I have a problem that I cannot solve.
The problem is as follows.
CPP Code
const int dataSize = 65535;
const int category = 10;
float data[dataSize][category];
const float threshold = 0.5f;
int cnt = 0;
for(int i=0;i<dataSize;i++)
{
if( data[i][9] > threshold )
{
data[cnt][0] = data[i][0];
data[cnt][1] = data[i][1];
data[cnt][2] = data[i][2];
data[cnt][3] = data[i][3];
data[cnt][4] = data[i][4];
data[cnt][5] = data[i][5];
data[cnt][6] = data[i][6];
data[cnt][7] = data[i][7];
data[cnt][8] = data[i][8];
data[cnt][9] = data[i][9];
cnt++;
}
}
Using this code, I expect the data array element "data" to be collected by a threshold value. (An element that does not exceed the threshold value is not important to me.

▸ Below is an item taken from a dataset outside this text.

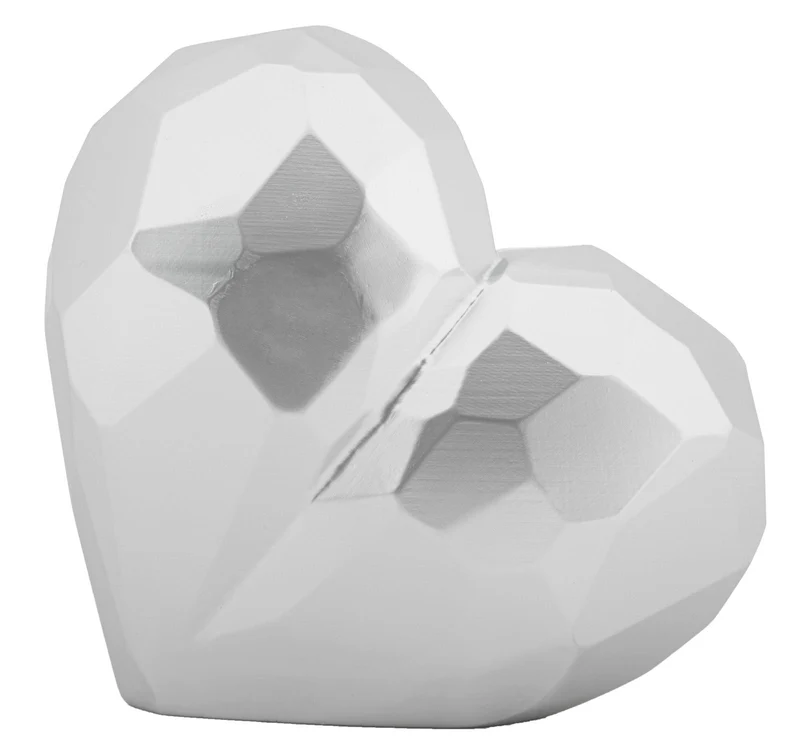 Vaso Heart Silver 19x9x18 cm in Resina Argento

Only exceeding the threshold value is important.)
I want code that works with the same result in CUDA.
So, I tried to do so.
CUDA Code
__global__ void checkOverThreshold(float *data, float threshold, int *nCount)
{
int idx = threadIdx.x + blockIdx.x * blockDim.x;
if( data[idx*10+9] > threshold )
{
data[nCount+0] = data[idx*10+0];
data[nCount+1] = data[idx*10+1];
data[nCount+2] = data[idx*10+2];
data[nCount+3] = data[idx*10+3];
data[nCount+4] = data[idx*10+4];
data[nCount+5] = data[idx*10+5];
data[nCount+6] = data[idx*10+6];
data[nCount+7] = data[idx*10+7];
data[nCount+8] = data[idx*10+8];
data[nCount+9] = data[idx*10+9];
atomicAdd( nCount, 1);
}
}
....
checkOverThreshold<<< dataSize / 128, 128 >>>(d_data, treshold, d_count);
But the result of the CUDA code is not the one I expected.
It contains many values for garbage and even the result does not match the CPP result.
I think the nCount variable synchronization problem makes this situation.
But I have no idea to solve this problem.
Please help my code. Thank you in advance.